The grandiose suggestions that the United States offered to both China and Germany on their economic rebalancing are, at best, well-meaning; but once again it is a case of it saying "let me take the speck out of your eye", when all the time there is a plank in its own.
Less than two weeks after ending its partial government shutdown and pulling itself back from the brink of a historic debt default, the US has started to lecture China and Germany on how to run their economies more responsibly.
In its twice-a-year Treasury report, Barack Obama's administration sternly urged Germany to push for more domestic-led growth, rather than relying so much on exports to fuel its economy, and said the Chinese currency is not appreciating as fast or as much as needed.
Should the two named countries take these comments seriously?
If there is something common behind the economic success of China and Germany before and after the global financial crisis, it is their all-out efforts to make best use of their respective comparative advantages to keep themselves ahead in the real economy sectors.
Since the 2008 financial crisis has fundamentally reshaped the world's economic landscape, there is no question that the two countries should adapt their growth models to the new reality as soon as possible.
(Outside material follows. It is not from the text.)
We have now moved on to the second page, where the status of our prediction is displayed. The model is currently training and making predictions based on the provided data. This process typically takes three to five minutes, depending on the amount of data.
In this sense, the US carping that the two need to do more to rebalance growth seems reasonable. What is unreasonable, is while doing so it has turned a blind eye to the urgent need for it to do its own painful economic rebalancing.
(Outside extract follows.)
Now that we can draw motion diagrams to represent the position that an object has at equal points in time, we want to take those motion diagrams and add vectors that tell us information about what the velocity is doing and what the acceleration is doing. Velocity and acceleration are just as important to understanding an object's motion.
However, the US is also being insincere when it calls for faster appreciation of the renminbi, as a stronger and more internationalized Chinese currency would narrow the country's trade surplus and make it less appealing to purchase US Treasury bonds at the current low level of yield.
Since the Fed is still printing money through bond purchases at the rate of about a trillion dollars a year, the US government would do better to focus on cleaning up its own fiscal mess instead of lecturing others. No one is really expecting an abruptly de-Americanized world. But a failed US monetary gamble will only do more harm to the fragile global economy.